◆ **To do**
When you copy the data, keep every line exactly as written and skip the pictures.

◆ **Provided data**
_____

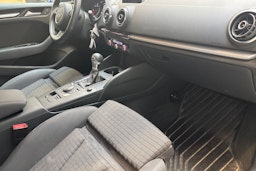 musta Audi A3 2013 kuva 22.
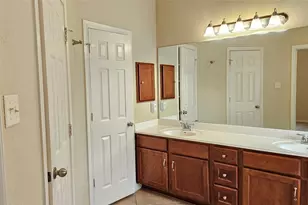 20805 Prestwick Dr, Hutto, TX 78634 - Photo 17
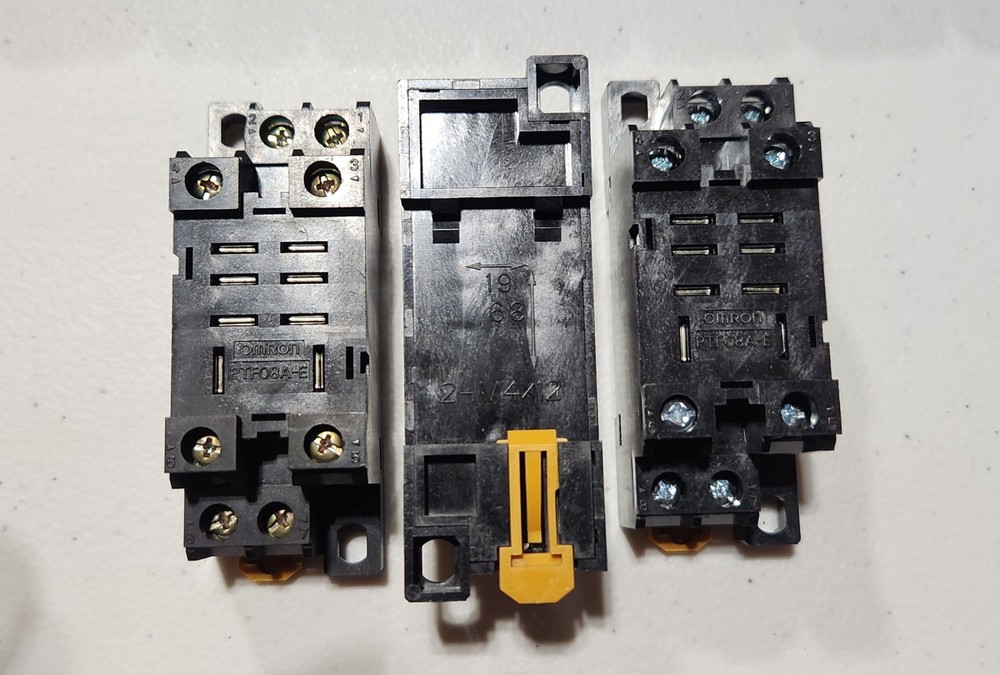 50pcs. OMRON PTF08A-E / PTF08AE Relay Socket DIN RAIL 15A 240V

_____

◆ **Task answer**
 musta Audi A3 2013 kuva 22.
 20805 Prestwick Dr, Hutto, TX 78634 - Photo 17
 50pcs. OMRON PTF08A-E / PTF08AE Relay Socket DIN RAIL 15A 240V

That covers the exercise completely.